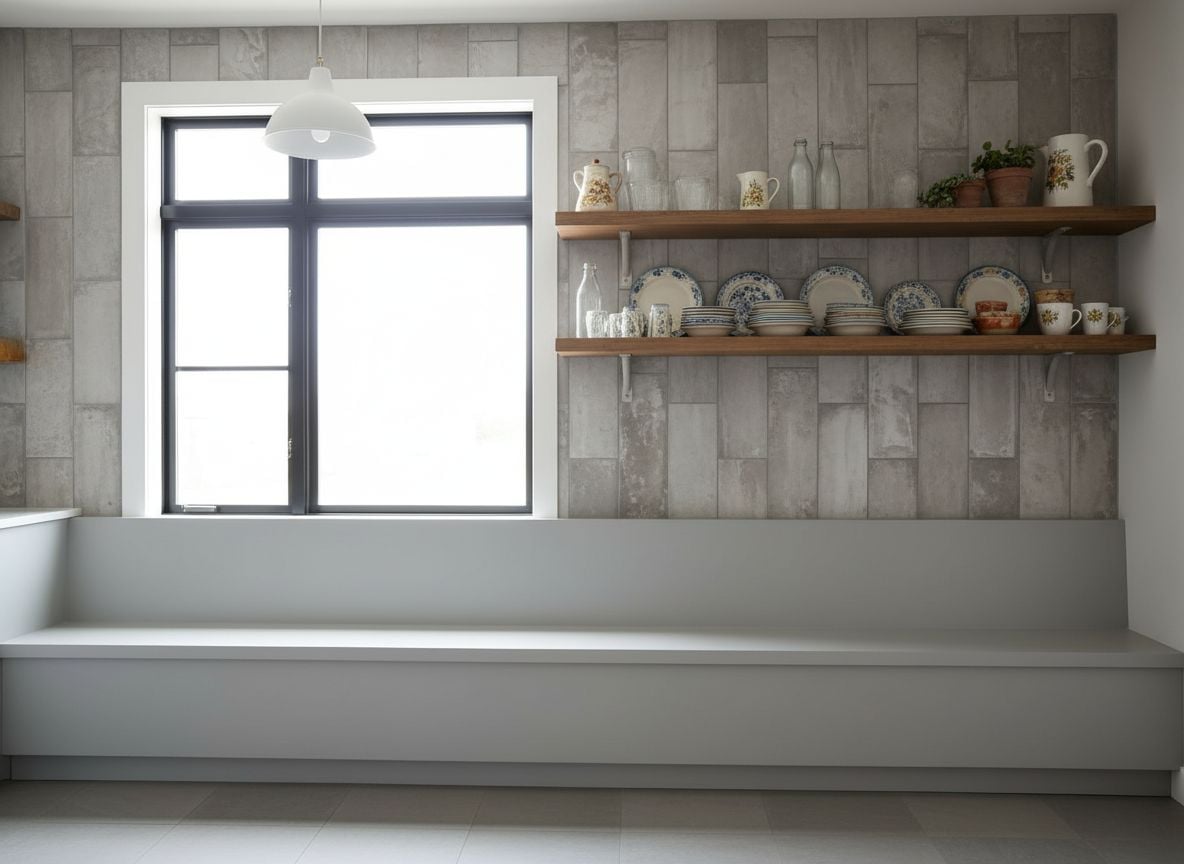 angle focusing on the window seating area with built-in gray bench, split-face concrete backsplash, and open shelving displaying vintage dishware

* * *

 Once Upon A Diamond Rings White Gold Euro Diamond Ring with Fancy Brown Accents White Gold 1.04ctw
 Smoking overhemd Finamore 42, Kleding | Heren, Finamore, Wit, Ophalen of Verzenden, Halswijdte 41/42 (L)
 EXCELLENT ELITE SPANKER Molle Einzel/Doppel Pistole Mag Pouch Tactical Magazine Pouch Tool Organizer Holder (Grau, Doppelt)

==

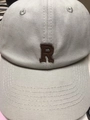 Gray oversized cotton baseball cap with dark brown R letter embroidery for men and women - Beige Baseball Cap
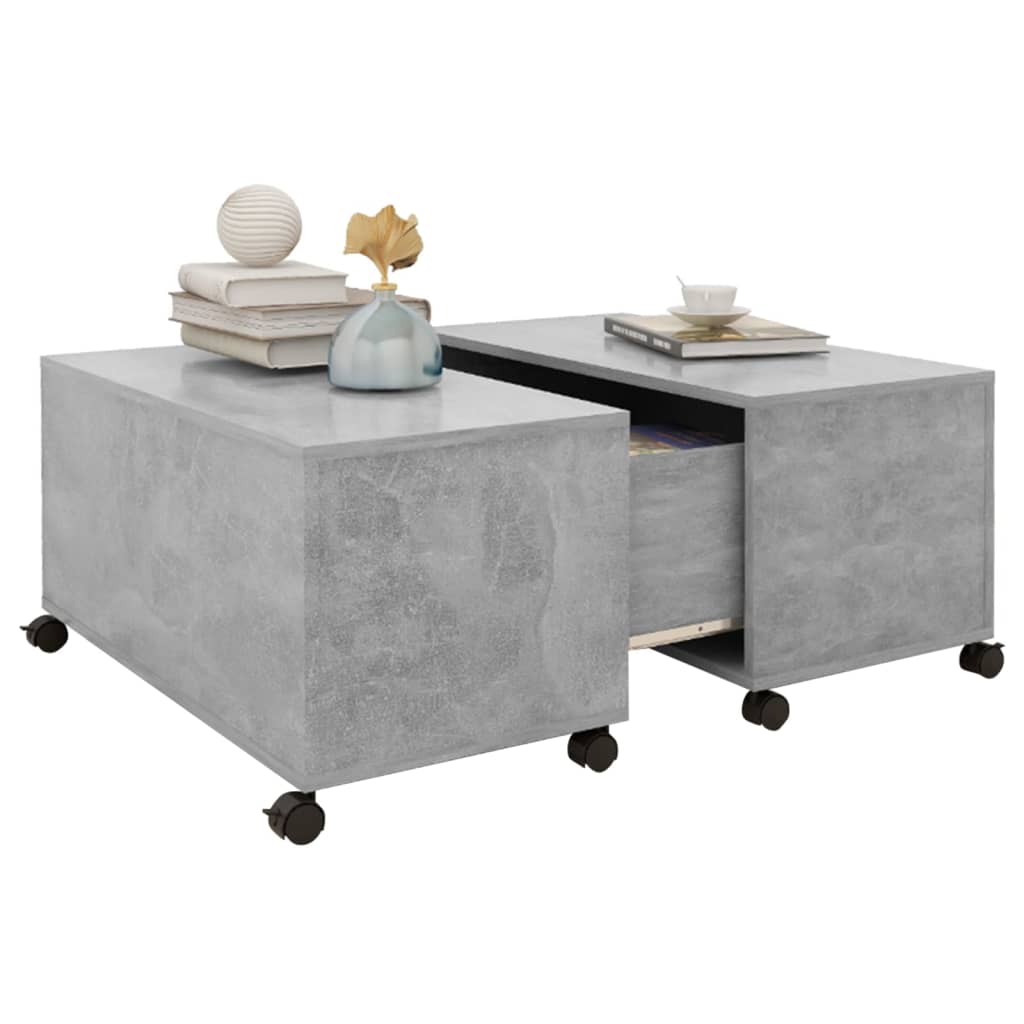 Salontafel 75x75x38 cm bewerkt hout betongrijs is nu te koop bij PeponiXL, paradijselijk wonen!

## Prompt
When you reach the line with "Gray oversized cotton" in the records above, begin repeating the lines exactly, and stop after the line with "Salontafel 75x75x38 cm". Skip all pictures.

## Problem solution
 Gray oversized cotton baseball cap with dark brown R letter embroidery for men and women - Beige Baseball Cap
 Salontafel 75x75x38 cm bewerkt hout betongrijs is nu te koop bij PeponiXL, paradijselijk wonen!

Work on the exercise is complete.